Massen aus Geröll und Wasser haben alles zerstört. Über 60 Menschen starben, weitere 40 wurden verletzt. Dem Unglück vorausgegangen waren schwere Regenfälle.

Rettungskräfte verschaffen sich in Salgar einen Überblick. Bild: reuters

SALGAR afp | Ein massiver Erdrutsch hat im Nordwesten Kolumbiens mehr als 60 Menschen in den Tod gerissen. Nach Behördenangaben überraschten die Schlammmassen am frühen Montagmorgen (Ortszeit) die meisten Menschen der Gemeinde Salgar im Schlaf. Mindestens 62 Menschen starben und 40 weitere wurden verletzt. Viele Kinder hätten ihre Eltern verloren, sagte Kolumbiens Staatschef Juan Manuel Santos bei einem Besuch des Unglücksorts.

Die Bürgermeisterin der knapp 18.000 Einwohner zählenden Gemeinde Salgar, Olga Osorio, sagte dem Radiosender RCN, Massen aus Geröll und Wasser hätten in einer Schlucht „alles mit sich gerissen“. Die zu Salgar gehörende Ortschaft Santa Margarita sei praktisch „von der Landkarte getilgt“. Laut Medienberichten hatten die Schlammmassen auch die Zufahrtstraße von Santa Margarita sowie eine Brücke zerstört, das normalerweise schon schwer zu erreichende Bergdorf war von der Außenwelt abgeschnitten.

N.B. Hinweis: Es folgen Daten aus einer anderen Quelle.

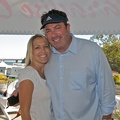gypsy-kings-concert-avila-beach-51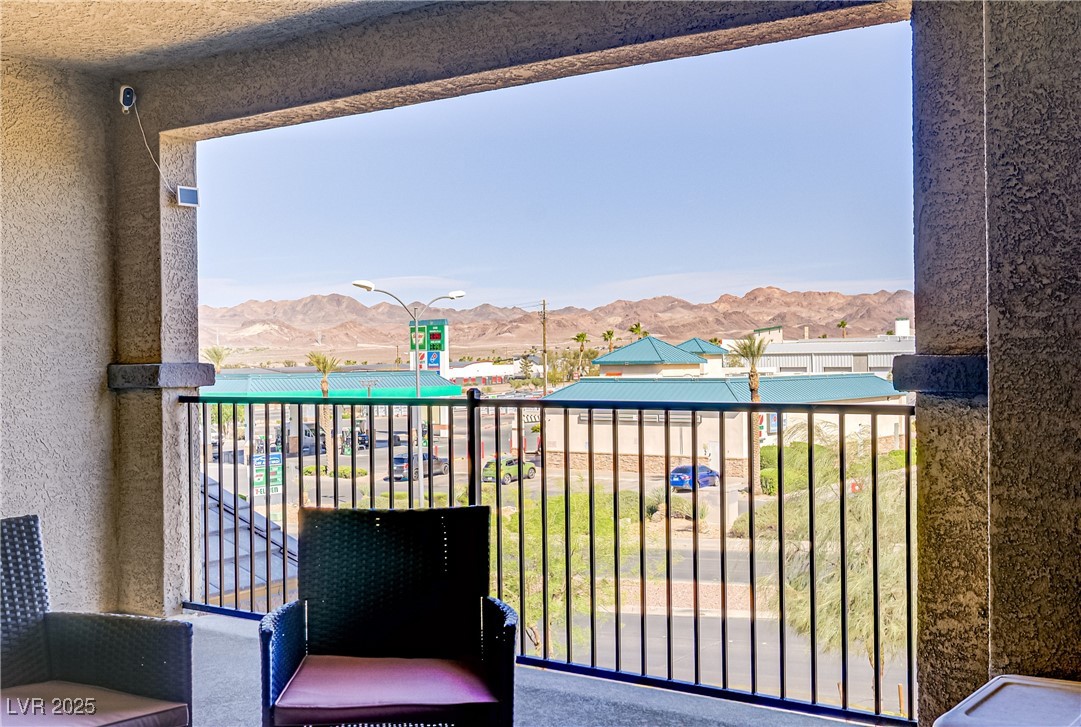 664 Foam Flower Lane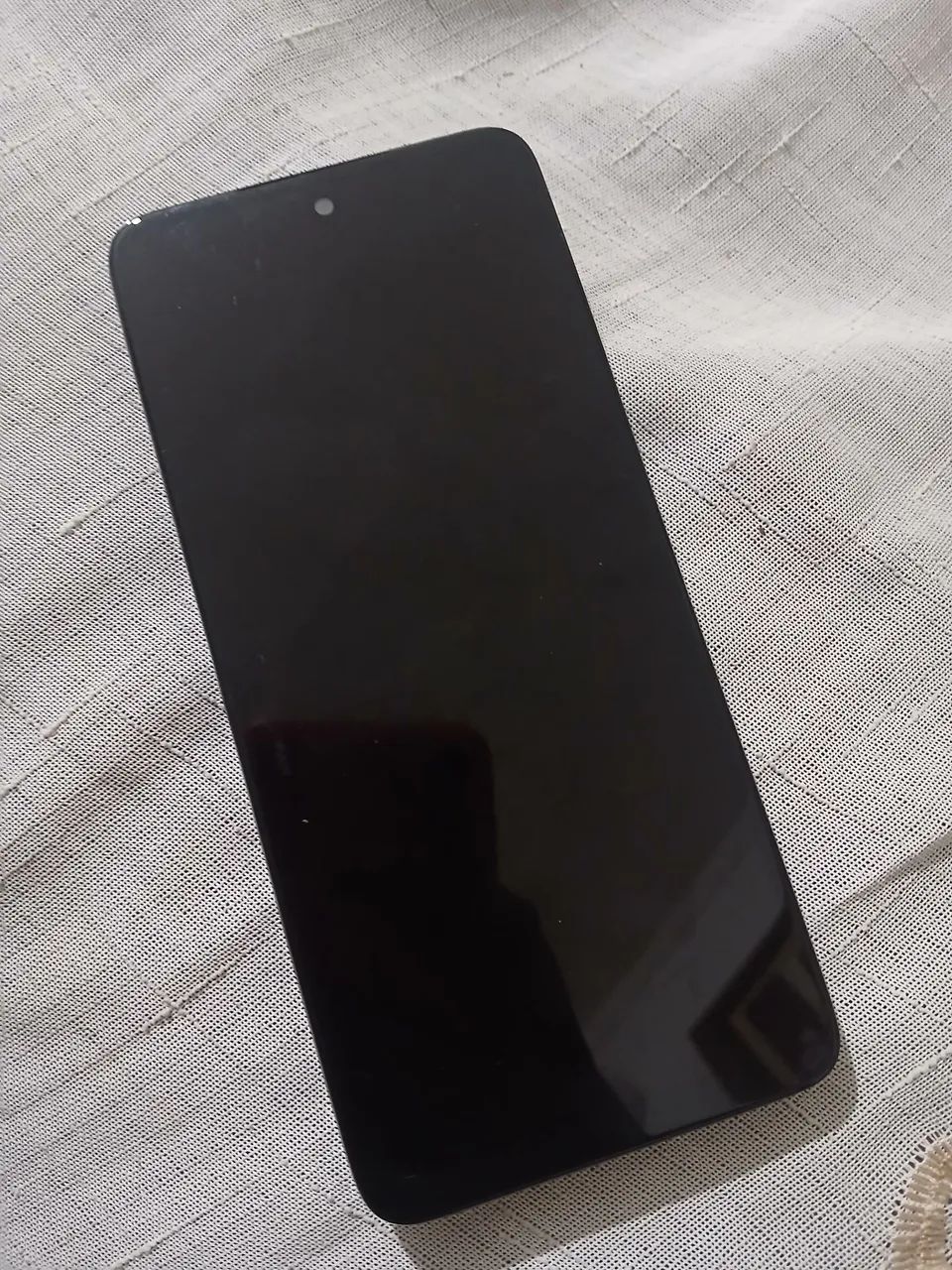 Moto G05  - Foto 2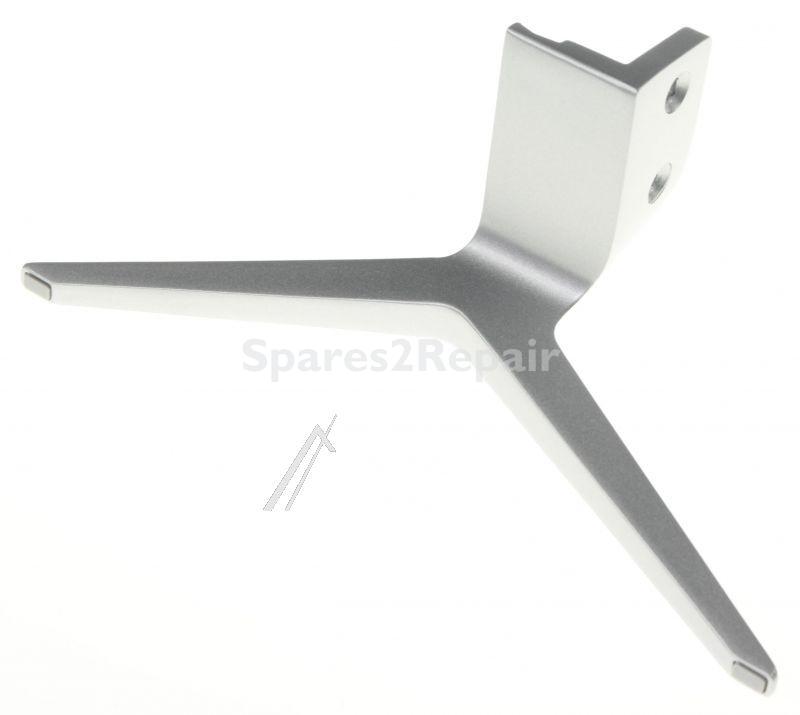 Tp Vision Stand Support - X37t8194021ckdl0sl 996595005298 Stand Assembly - L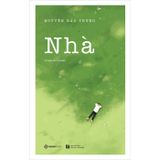  Nhà 
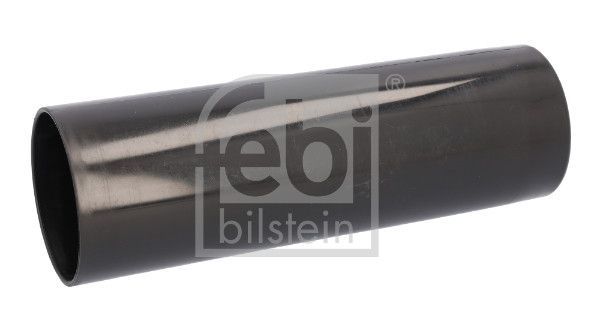 Apsauginis dangtelis/gofruotoji membrana, amortizatorius FEBI BILSTEIN 186474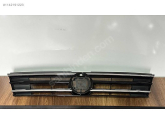 Oto Çıkma Parça / Volkswagen / Tiguan / Kaporta & Karoser / Panjur / Sıfır Parça 
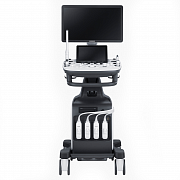 Samsung HS60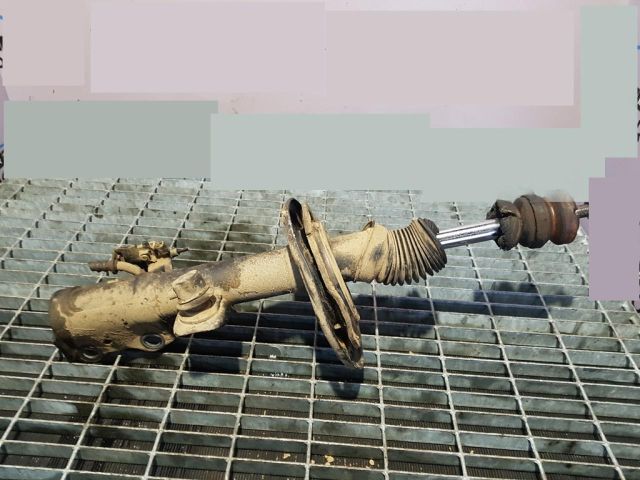 bontott TOYOTA RAV 4 Bal első Lengéscsillapító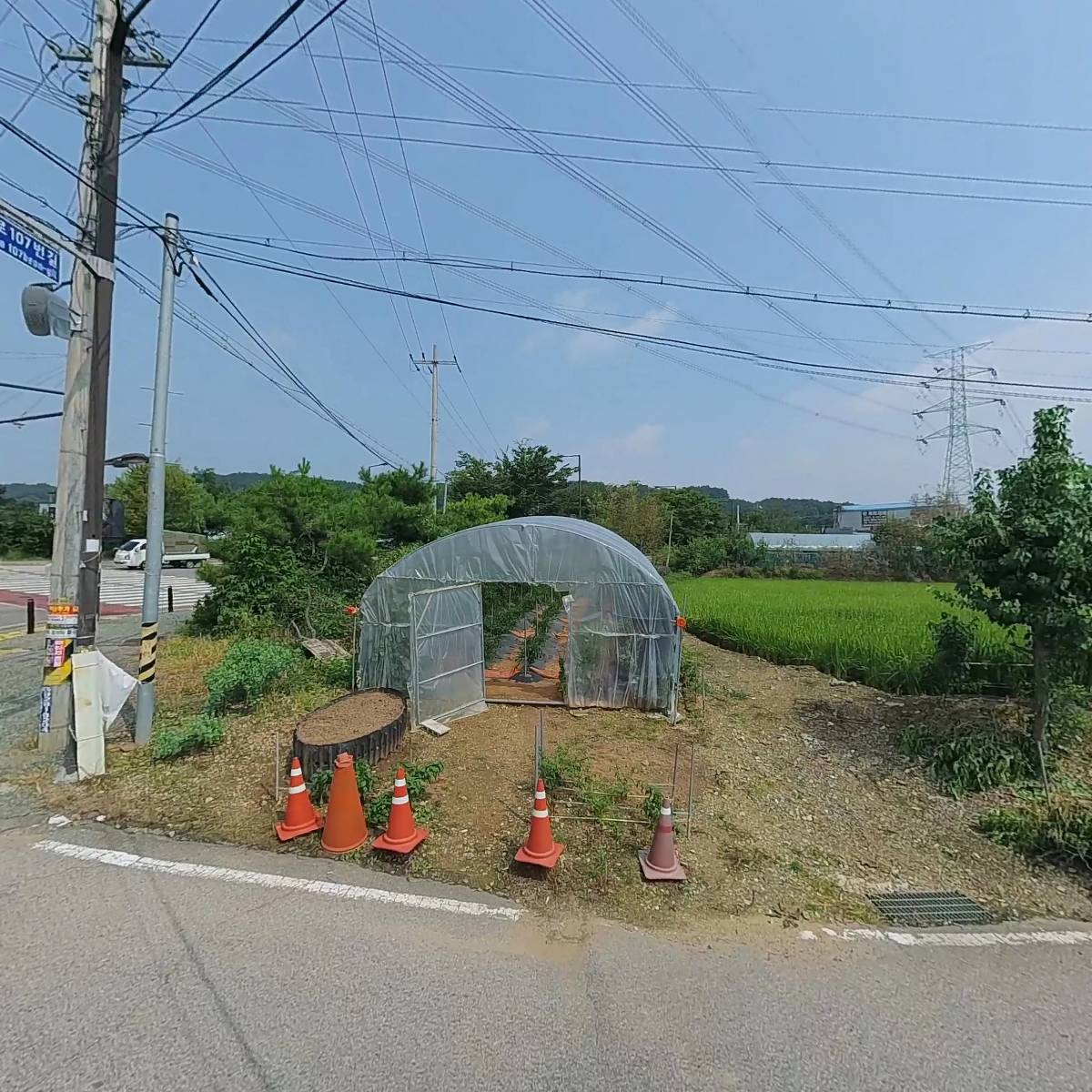 창원황씨 시중공현령공 제5자 직장공파9세조 의자 중자 자손 종친회_3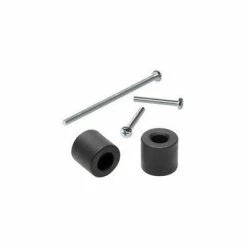 Entretoises Klickfix Pour Compteur VAE 10 Entretoises Klickfix Pour Compteur VAE -Promos VTT Boutique entretoises klickfix pour compteur vae full 5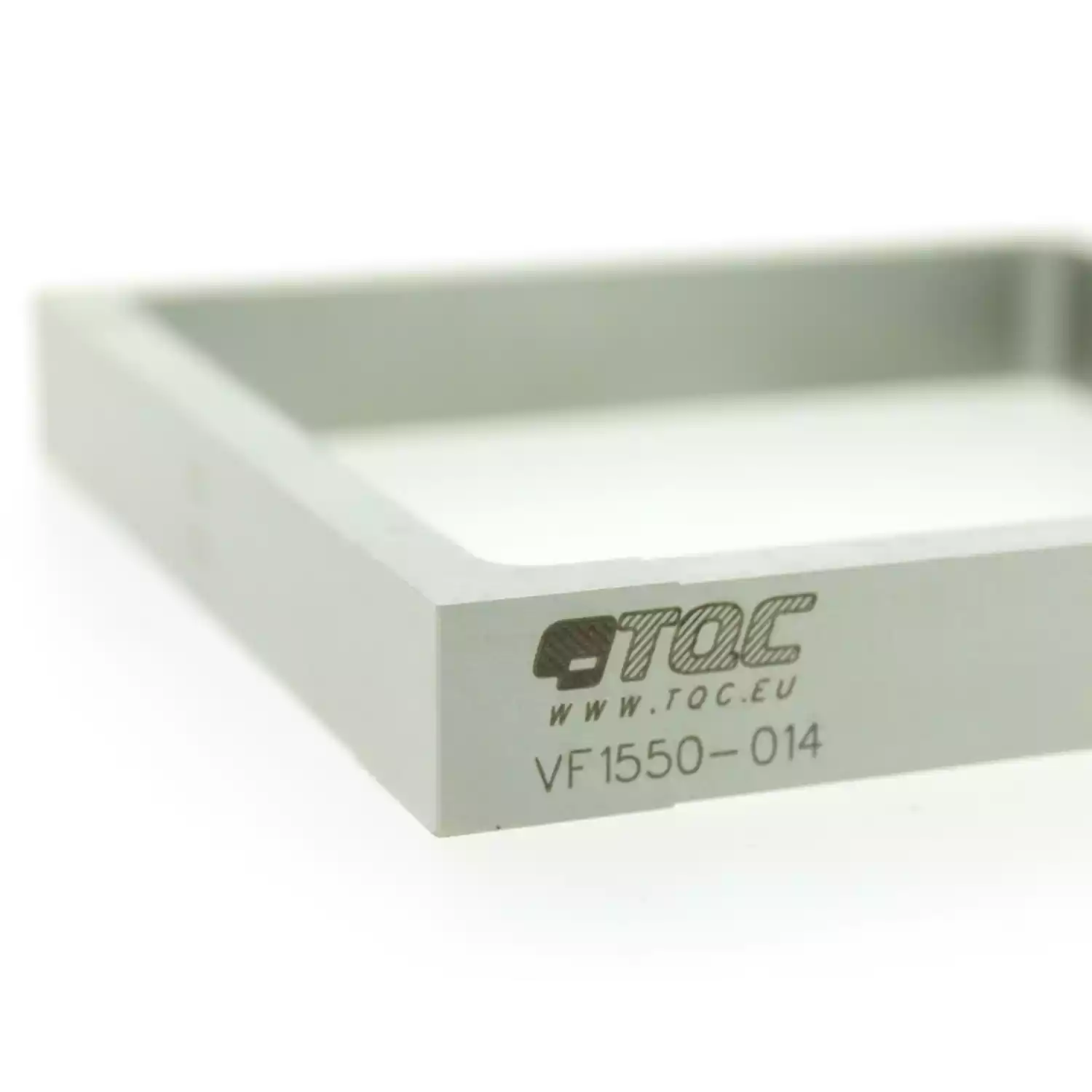 8 щелевой аппликатор TQC VF1550 - 2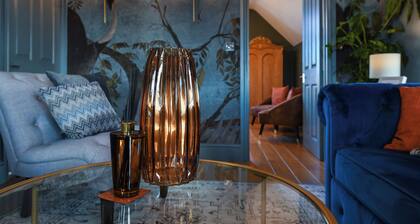 Fairview Boutique Apartments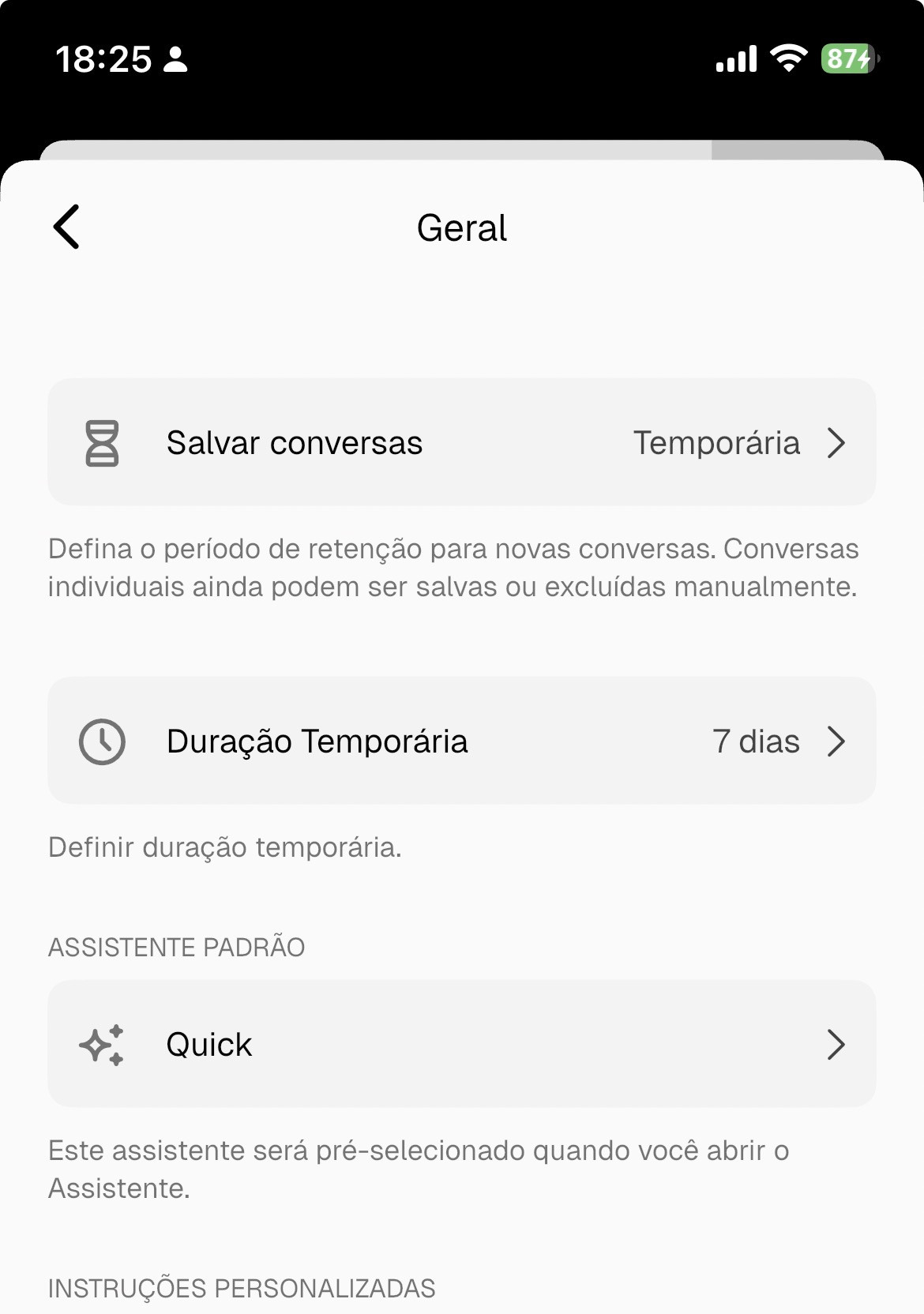 ios-1.jpg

Dem Erdrutsch waren heftige Regenfälle vorausgegangen, die einen Fluss in der Region über die Ufer steigen ließen. Luftaufnahmen zeigen eine breite Schlammlawine, die auf ihrem Weg Häuser und Bäume mit sich riss. Nach Behördenangaben waren von den Zerstörungen in dem bergigen Gebiet etwa 30 Familien betroffen. Die Einwohner seien von der Trinkwasser-, Strom- und Gasversorgung abgeschnitten.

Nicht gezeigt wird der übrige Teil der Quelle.